◆ Task requirements ◆
The required output is every line from the one containing "A woman pushes a pram through Pocket Park." through the last line of the listing below, copied exactly, pictures excluded.

Start of Provided data

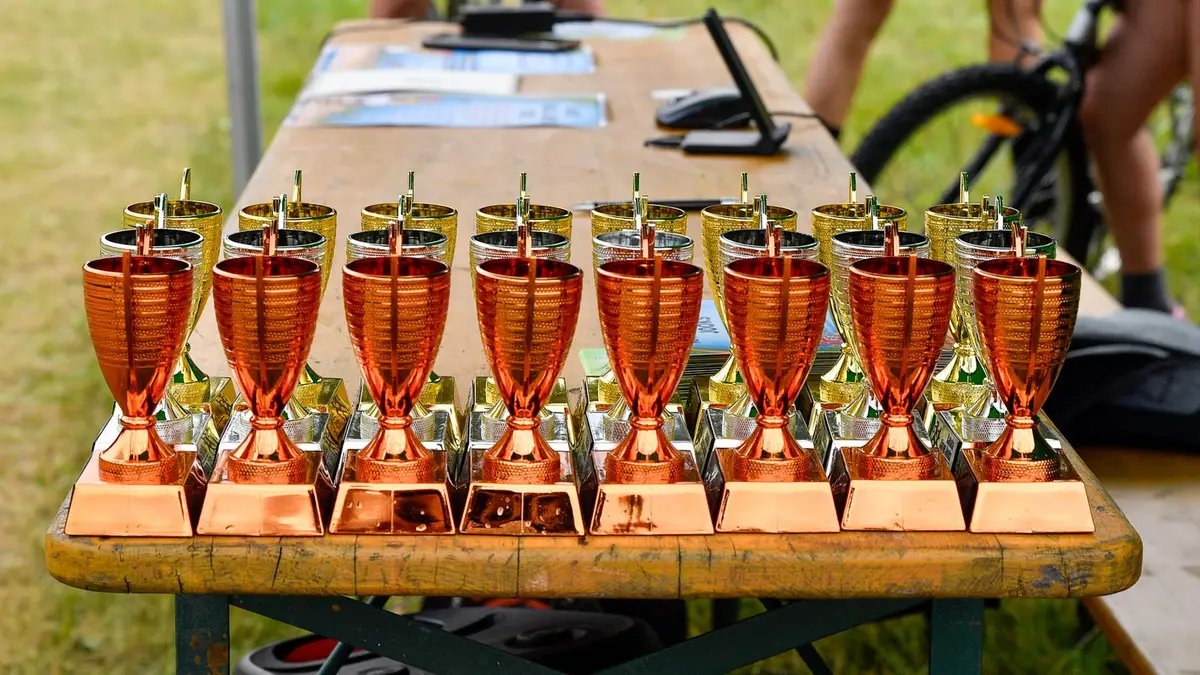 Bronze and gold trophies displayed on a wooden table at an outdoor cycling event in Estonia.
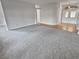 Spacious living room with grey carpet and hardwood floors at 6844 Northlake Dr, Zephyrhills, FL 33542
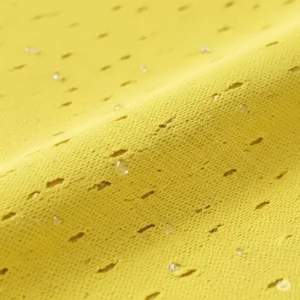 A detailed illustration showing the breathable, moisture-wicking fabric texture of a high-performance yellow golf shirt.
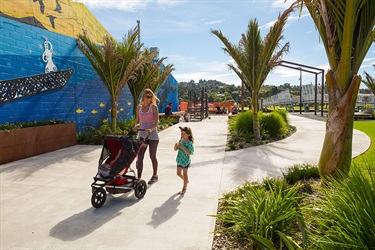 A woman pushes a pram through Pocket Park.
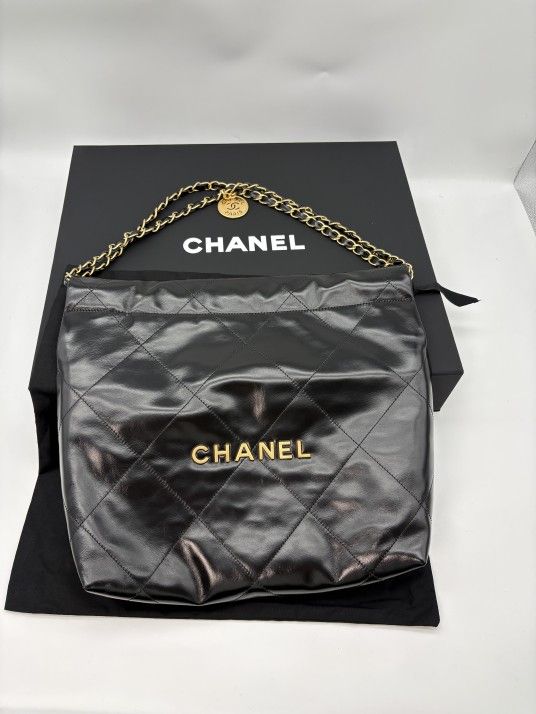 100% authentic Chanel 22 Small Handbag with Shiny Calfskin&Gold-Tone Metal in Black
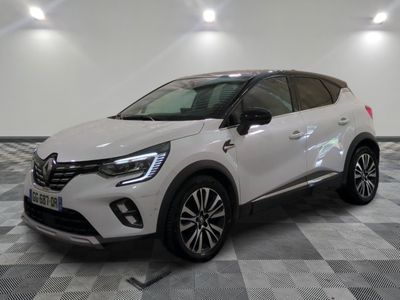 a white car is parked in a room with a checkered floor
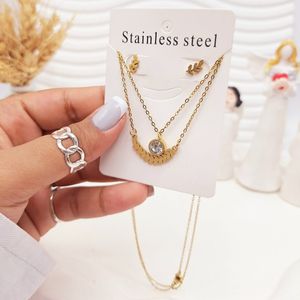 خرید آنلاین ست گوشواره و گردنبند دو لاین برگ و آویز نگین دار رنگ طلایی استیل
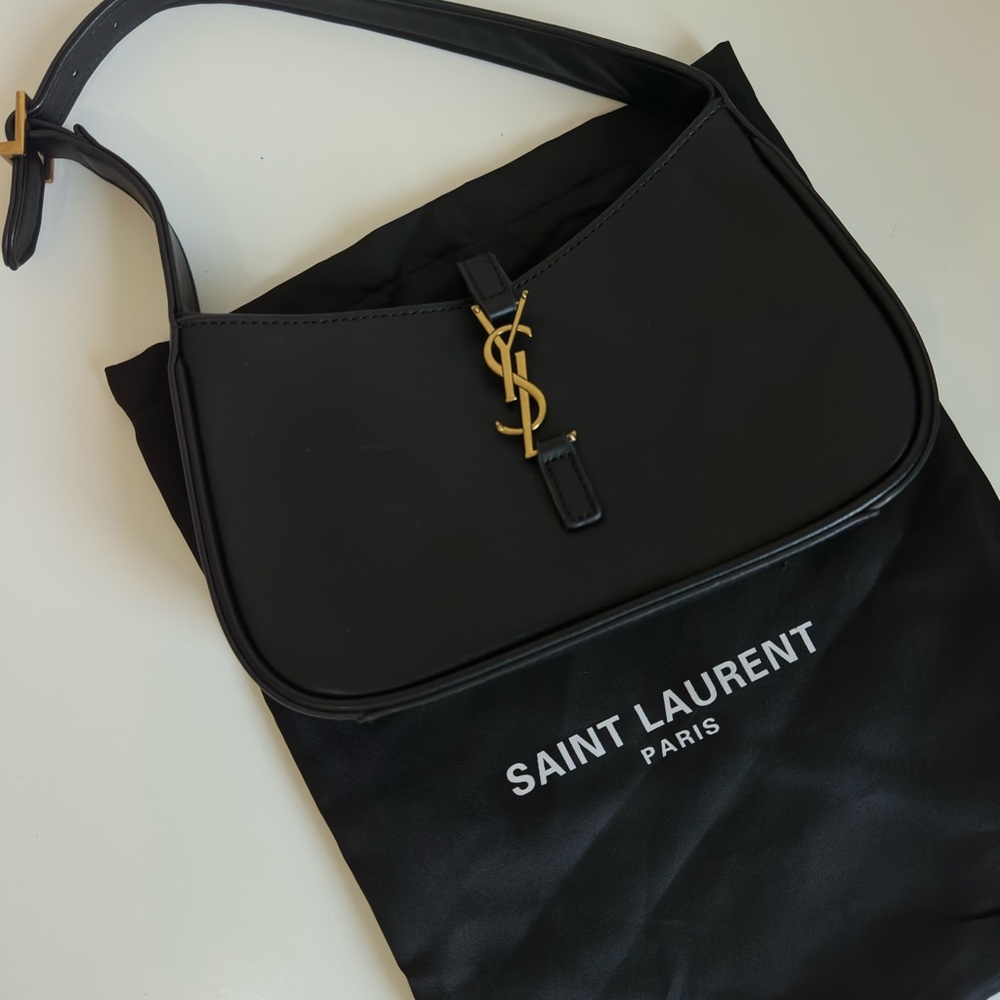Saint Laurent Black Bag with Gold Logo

End of Provided data

◆ Result for this task ◆
 A woman pushes a pram through Pocket Park.
 100% authentic Chanel 22 Small Handbag with Shiny Calfskin&Gold-Tone Metal in Black
 a white car is parked in a room with a checkered floor
 خرید آنلاین ست گوشواره و گردنبند دو لاین برگ و آویز نگین دار رنگ طلایی استیل
Saint Laurent Black Bag with Gold Logo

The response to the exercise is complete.